The arm around my waist tightens. His belt digs into my skin where my shirt has ridden up but I barely notice anymore. I run my foot up the leg of his trousers. “Will you tell your mother about me?” I ask. There’s no vulnerability in my voice, no doubts. I don’t care whether his parents approve of me. Draco’s heart is mine.
“I already did.”
That makes me look up. “Why didn’t you tell me?”
“Because it doesn’t matter what she says.”
I sigh.
His lips stamp onto my forehead, holding there.
“I’m yours. Nothing is going to change that, nothing and no one.”

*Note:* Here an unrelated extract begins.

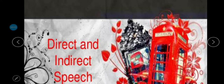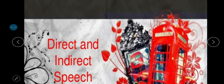Children, do you know what is direct speech and indirect speech? When you talk with your friend, you talk in direct speech. But when you tell the same thing to your mother, it becomes indirect speech. So what is the difference between direct and indirect speech?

“I don’t want to drive a wedge.”
He snorts, but it’s cynical. “We’re on three separate islands. The wedge would sink to the bottom of the ocean.”
I drop his ring into my hand, squeeze it tight against my palm, tiny ridges embedding into my skin. “You have me, Draco. All of me, for as long as you want.” I slip the ring back onto his finger, hot from my grip, and seal it with a kiss.
Friday, June 25, 1999 – 9:34 AM
Though the room remains fully furnished, it’s obvious that something’s changed. No games scattered on the table in front of the bow window. No silly doodles or birthday cards propped above the mantel. The wastebasket is full of moving day rubbish, brimming with scrap paper and old assignments, broken quills and expired sweets.
Draco and I stand hand in hand by the coffee table, giving the place one final sweep in case we left anything behind. But mostly because we’re sentimental saps and the thought of leaving Hogwarts and stepping into an unknown future with broken families who aren’t waiting for us, houses that aren’t homes, careers we haven’t secured, and a looming trip to a land across the ocean where tragedy or triumph awaits, is terrifying.
But we’re nineteen and ambitious and in love and we’re Hermione Granger and Draco Malfoy and even if that means nothing to anybody else, to me it means that everything’s going to turn out alright.